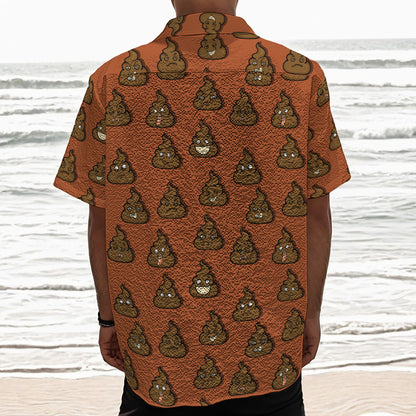 Poop Emoticons Pattern Print Textured Short Sleeve Shirt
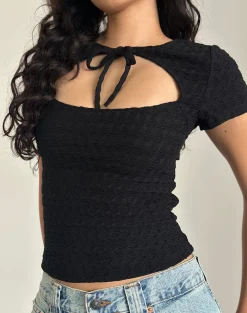 Motel Rocks Basics | Basic Tops-Lindsay Top in Textured Black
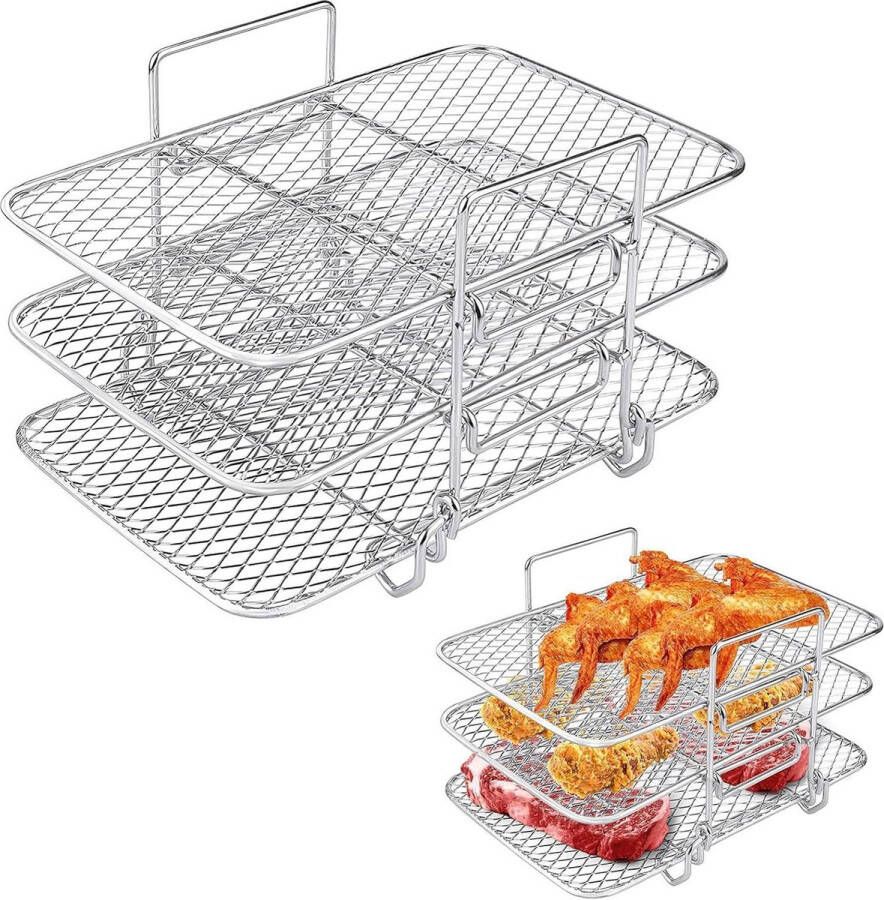 3-laags roestvrijstalen luchtfriteuse rek multifunctioneel kookrek accessoires voor dubbele mand luchtfriteuse geschikt voor braadoven en magnetron airfryer accessoires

○ ○ ○ ○

Assignment:
Retype the full listing exactly; pictures stay out.

Response to the exercise:
 Poop Emoticons Pattern Print Textured Short Sleeve Shirt
 Motel Rocks Basics | Basic Tops-Lindsay Top in Textured Black
 3-laags roestvrijstalen luchtfriteuse rek multifunctioneel kookrek accessoires voor dubbele mand luchtfriteuse geschikt voor braadoven en magnetron airfryer accessoires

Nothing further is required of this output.